Ils furent bientôt d’accord ; la femme lui raconta son
histoire et celle du chien, et lui fit ensuite admirer ce merveilleux cadeau.
Il tira aussitôt de la corbeille ce chef-d’oeuvre de la
nature, et prit dans ses bras Mops, qui semblait dormir doucement.
« Heureux animal, dit-il, tu seras touché de ses mains ; tu
seras animé par elle, tandis que les vivants doivent la fuir pour ne pas
éprouver un triste sort. Mais que dis-je, triste ! N’est-il pas beaucoup plus
douloureux et plus pénible d’être paralysé par sa présence, qu’il ne le serait
de mourir par ses mains ? Regarde-moi, dit-il à la vieille, vois quelles
extrémités je dois souffrir à l’âge où je suis ! Cette cuirasse que j’ai portée
avec honneur à la guerre, cette pourpre que je cherchais à mériter par un sage
gouvernement, le sort me les a laissées, l’une, comme un poids inutile,
l’autre, comme une parure insignifiante. La couronne, le sceptre et le glaive
me sont ravis ; je suis d’ailleurs aussi nu, aussi indigent que tout autre fils
de la terre, car les yeux bleus du Beau Lis ont une si malheureuse influence,
qu’ils enlèvent leur force à tous les êtres vivants, et ceux que l’attouchement
de sa main ne tue pas se sentent réduits à l’état d’ombres vivantes et
vagabondes. »
Il poursuivit de la sorte ses plaintes, et ne satisfit
nullement la curiosité de la vieille, qui désirait bien plus connaître son
histoire que ses sentiments.
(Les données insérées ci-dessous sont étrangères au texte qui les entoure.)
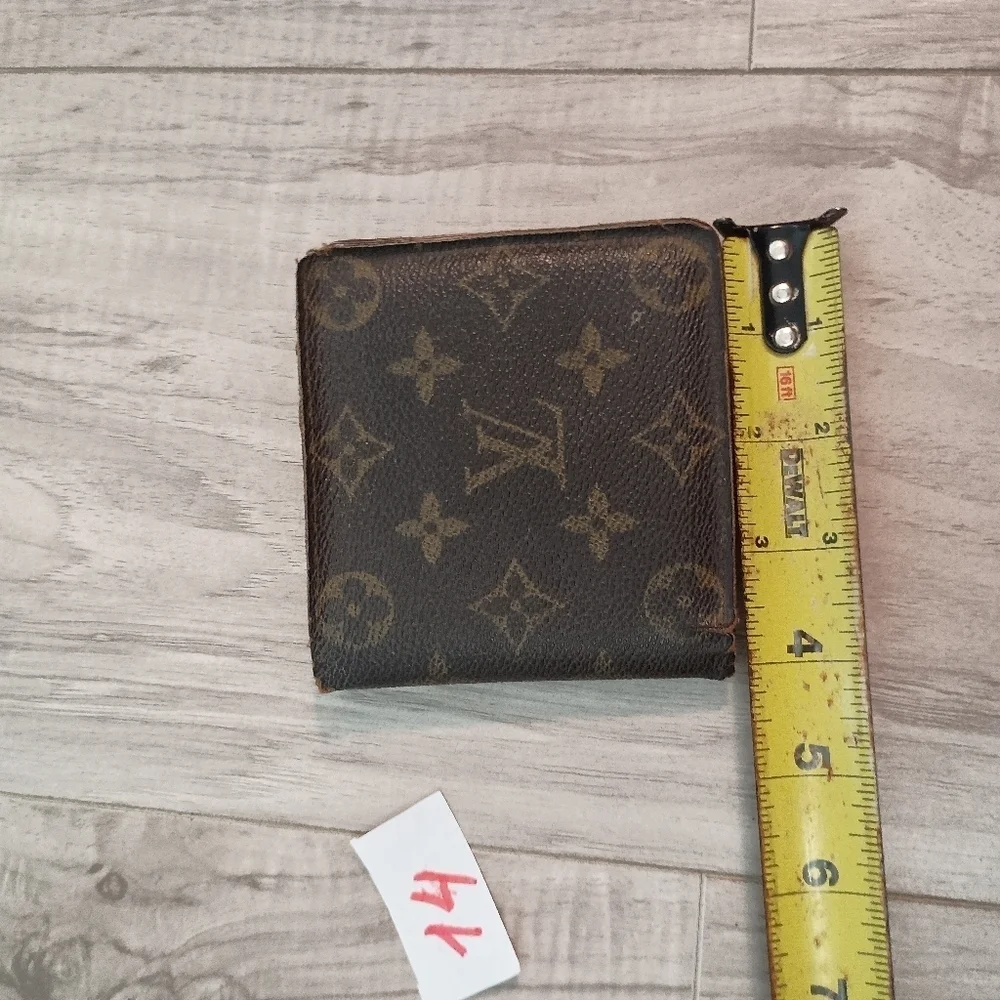 Louis Vuitton used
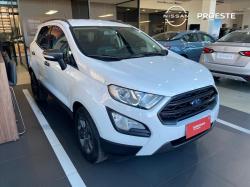 FORD Ecosport 1.5 12V 4P TI-VCT FLEX FREESTYLE AUTOMTICO
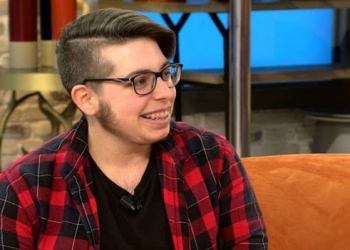Joven Transexual será Padre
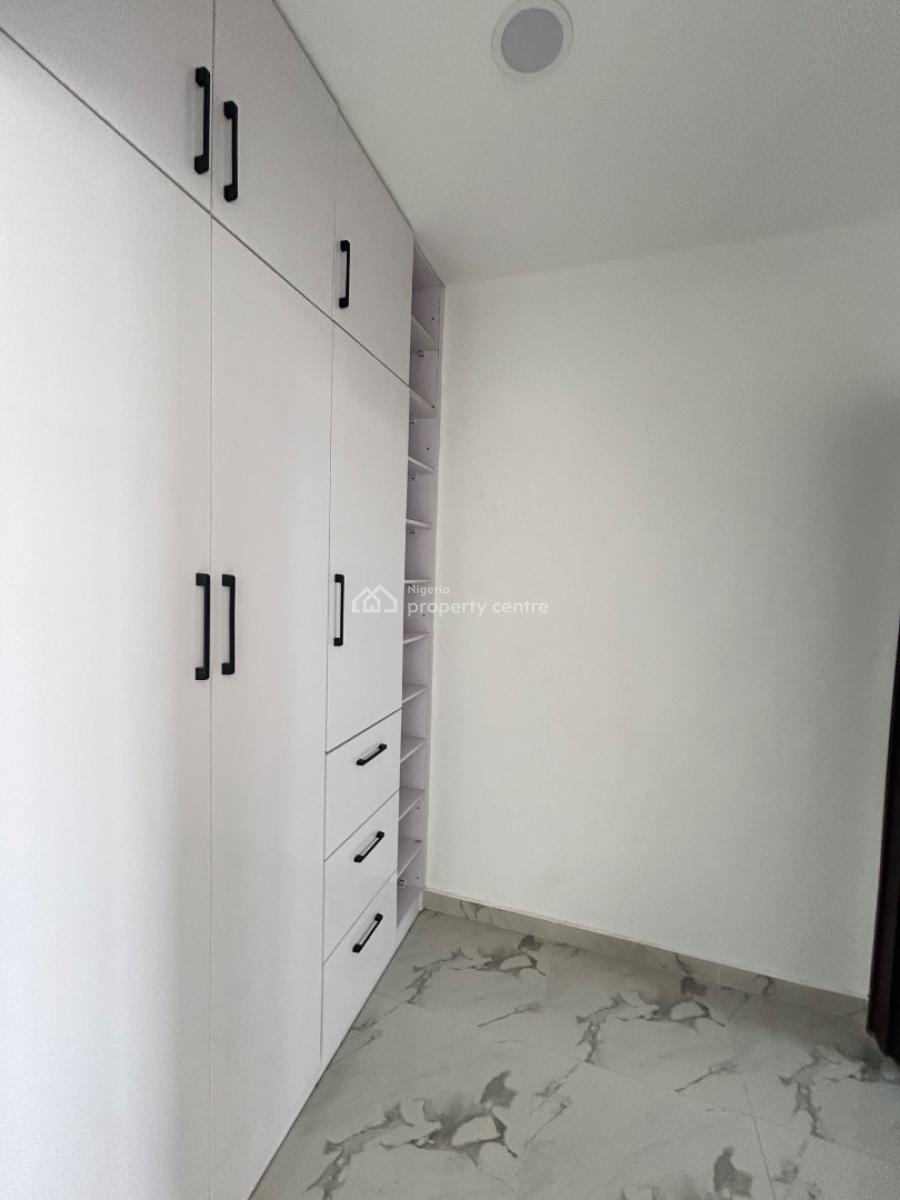 4 Bedroom Flat, Ikoyi, Lagos, Flat / Apartment for Sale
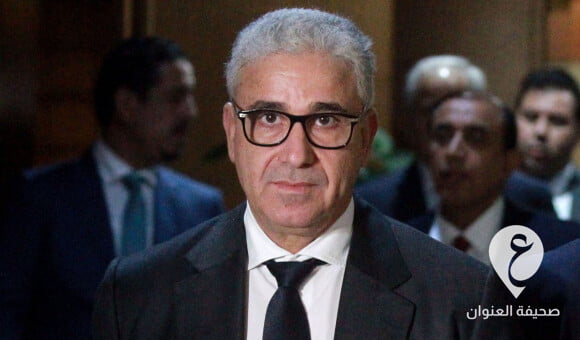 مجلس النواب يمنح الثقة لحكومة باشاغا - PSD العنوان 26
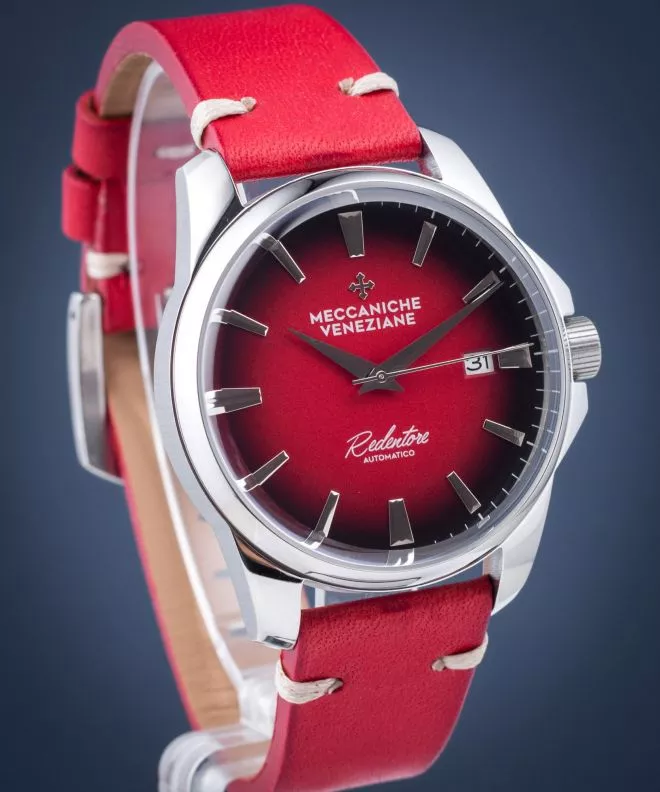 Pánské hodinky Meccaniche Veneziane Redentore 4.0 Automatic 1301004 1301004
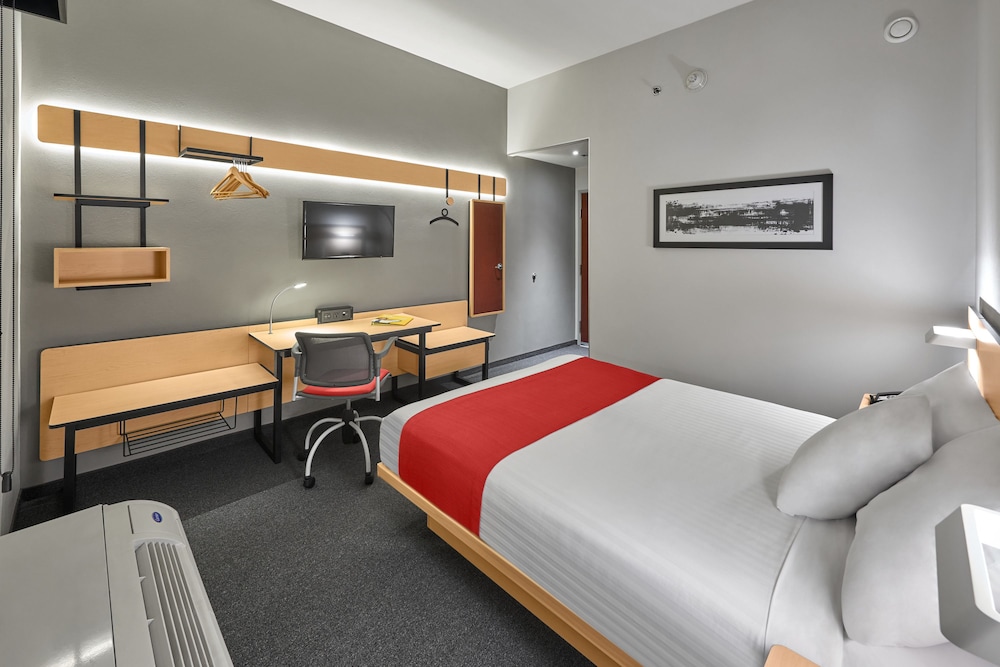 City Express by Marriott Monterrey Santa Catarina 11/32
Elle n’apprit ni le nom de son père ni celui de
son royaume. Il caressait le rigide Mops, que les rayons du soleil et l’ardente
poitrine du jeune homme avaient réchauffé, comme s’il eût été vivant. Il fit
beaucoup de questions sur l’homme à la lampe, sur les effets de l’admirable
lumière, et parut s’en promettre beaucoup de bien à l’avenir pour son
malheureux état.
Pendant qu’ils discouraient ainsi, ils virent de loin
l’arche majestueuse du pont, qui s’étendait d’une rive à l’autre, briller
merveilleusement à la clarté du soleil. Ils furent surpris tous deux, car ils
n’avaient pas encore vu ce monument si magnifique.
« Eh quoi ? s’écria le prince, n’était-il pas assez beau,
quand il s’offrait à nos yeux comme bâti de jaspe et d’agate ? Ne doit-on pas
craindre d’y poser le pied, lorsqu’il paraît construit, avec la plus agréable
variété, d’émeraude, de chrysoprase et de chrysolithe ? »
Ils ignoraient l’un et l’autre la métamorphose que le
serpent avait subie ; car c’était le serpent, qui, chaque jour, à midi, se
dressait par-dessus le fleuve, et prenait la forme d’un pont hardi. Les
voyageurs y mirent le pied avec respect, et le traversèrent en silence.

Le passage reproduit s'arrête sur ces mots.